Dataset records:
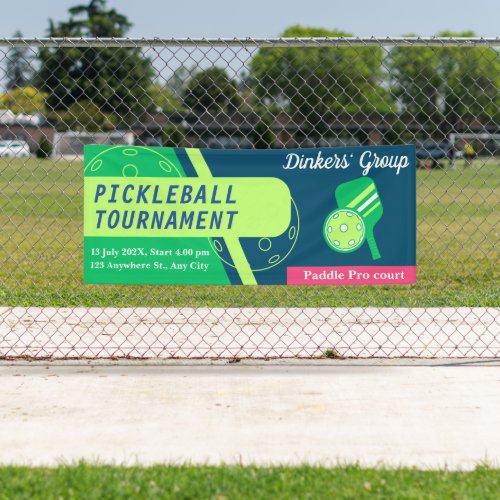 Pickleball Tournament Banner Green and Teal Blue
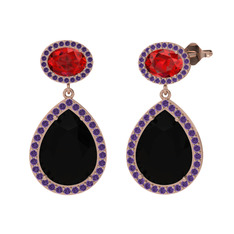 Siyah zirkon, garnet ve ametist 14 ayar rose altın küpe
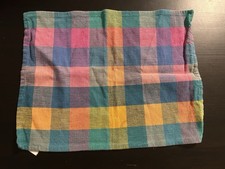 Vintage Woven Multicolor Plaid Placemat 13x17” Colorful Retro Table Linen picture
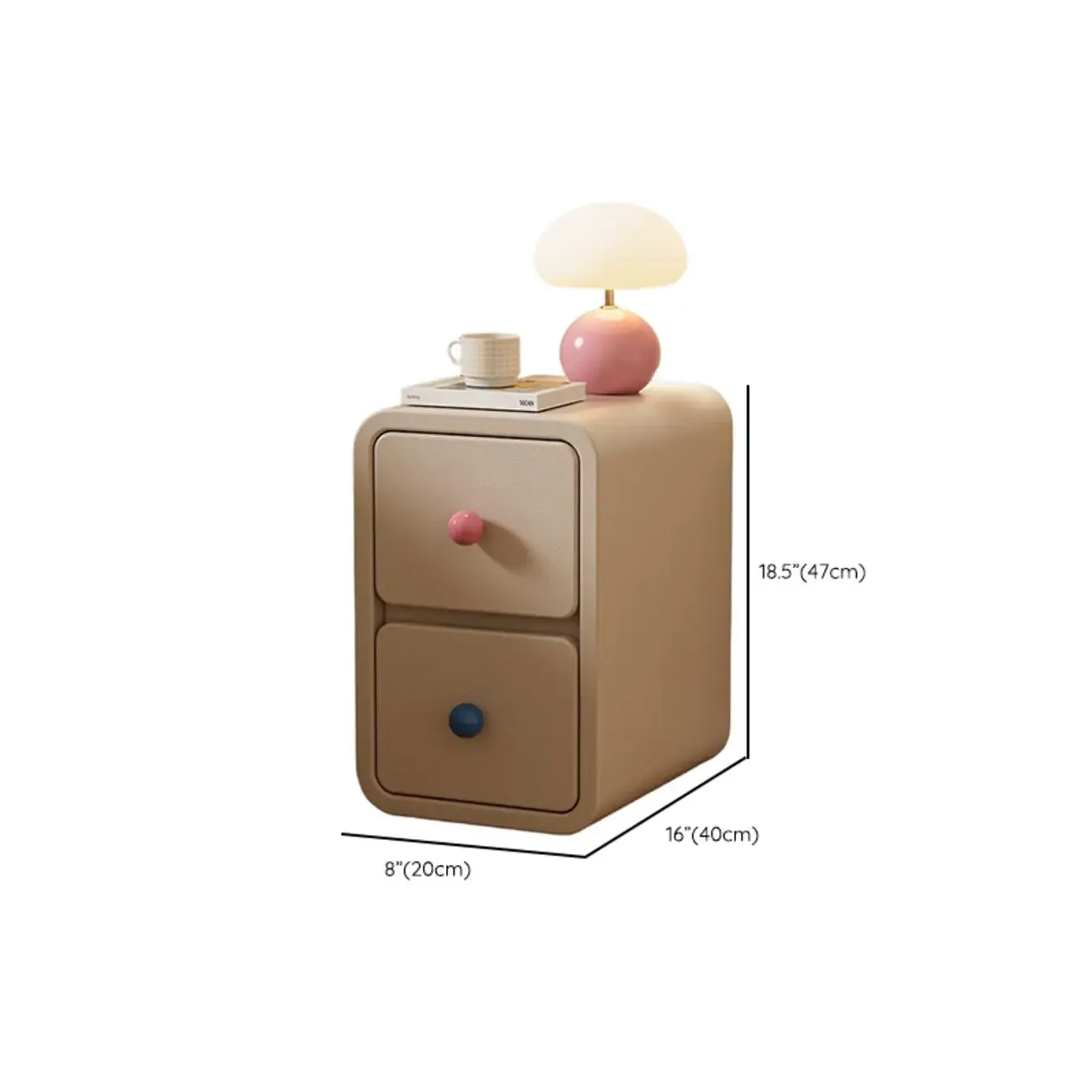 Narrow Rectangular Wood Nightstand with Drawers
--
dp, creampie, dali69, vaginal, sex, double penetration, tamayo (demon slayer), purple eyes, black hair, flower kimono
==
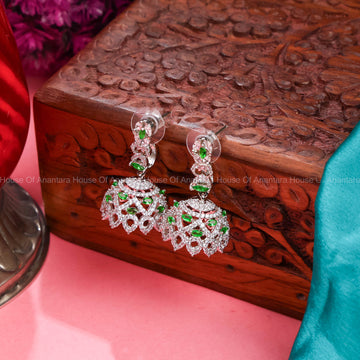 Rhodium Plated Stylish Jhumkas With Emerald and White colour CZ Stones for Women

Your instructions: Would you set down only the lines above from the line with "Pickleball Tournament Banner" to the line with "Narrow Rectangular Wood", both included, exactly as they stand and without the pictures?

Response for this exercise:
 Pickleball Tournament Banner Green and Teal Blue
 Siyah zirkon, garnet ve ametist 14 ayar rose altın küpe
 Vintage Woven Multicolor Plaid Placemat 13x17” Colorful Retro Table Linen picture
 Narrow Rectangular Wood Nightstand with Drawers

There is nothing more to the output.